● **YOUR TASK**
Transcribe exactly the line that contains "Dare to Dream Big(Kobo/電子書)" and every line after it through the end of the records, with nothing else.

● **DATA SHOWN**
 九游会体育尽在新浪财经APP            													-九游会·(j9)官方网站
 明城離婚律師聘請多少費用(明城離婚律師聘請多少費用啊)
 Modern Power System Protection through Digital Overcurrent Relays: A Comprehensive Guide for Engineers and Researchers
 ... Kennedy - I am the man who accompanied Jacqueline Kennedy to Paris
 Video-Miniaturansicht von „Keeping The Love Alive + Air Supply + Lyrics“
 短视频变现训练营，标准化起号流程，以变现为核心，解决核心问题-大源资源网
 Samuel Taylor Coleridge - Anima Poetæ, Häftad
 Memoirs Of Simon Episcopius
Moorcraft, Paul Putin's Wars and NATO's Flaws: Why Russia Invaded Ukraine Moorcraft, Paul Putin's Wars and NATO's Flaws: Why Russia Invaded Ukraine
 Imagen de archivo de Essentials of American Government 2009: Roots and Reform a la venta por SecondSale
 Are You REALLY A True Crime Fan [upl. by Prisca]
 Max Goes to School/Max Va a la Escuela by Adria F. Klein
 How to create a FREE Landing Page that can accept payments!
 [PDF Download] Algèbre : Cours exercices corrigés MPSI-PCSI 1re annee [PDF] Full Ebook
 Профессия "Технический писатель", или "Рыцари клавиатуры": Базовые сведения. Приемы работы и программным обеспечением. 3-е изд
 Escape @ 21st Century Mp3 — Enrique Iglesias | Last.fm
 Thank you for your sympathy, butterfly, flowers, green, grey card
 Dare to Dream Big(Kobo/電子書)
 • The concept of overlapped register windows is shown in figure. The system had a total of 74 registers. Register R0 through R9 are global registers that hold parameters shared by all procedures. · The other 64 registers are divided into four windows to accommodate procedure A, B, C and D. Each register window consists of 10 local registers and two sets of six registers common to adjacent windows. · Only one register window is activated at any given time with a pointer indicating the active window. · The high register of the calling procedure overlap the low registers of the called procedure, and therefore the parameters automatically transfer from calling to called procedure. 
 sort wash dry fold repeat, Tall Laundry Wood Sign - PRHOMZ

● **PROBLEM SOLUTION**
 Dare to Dream Big(Kobo/電子書)
 • The concept of overlapped register windows is shown in figure. The system had a total of 74 registers. Register R0 through R9 are global registers that hold parameters shared by all procedures. · The other 64 registers are divided into four windows to accommodate procedure A, B, C and D. Each register window consists of 10 local registers and two sets of six registers common to adjacent windows. · Only one register window is activated at any given time with a pointer indicating the active window. · The high register of the calling procedure overlap the low registers of the called procedure, and therefore the parameters automatically transfer from calling to called procedure. 
 sort wash dry fold repeat, Tall Laundry Wood Sign - PRHOMZ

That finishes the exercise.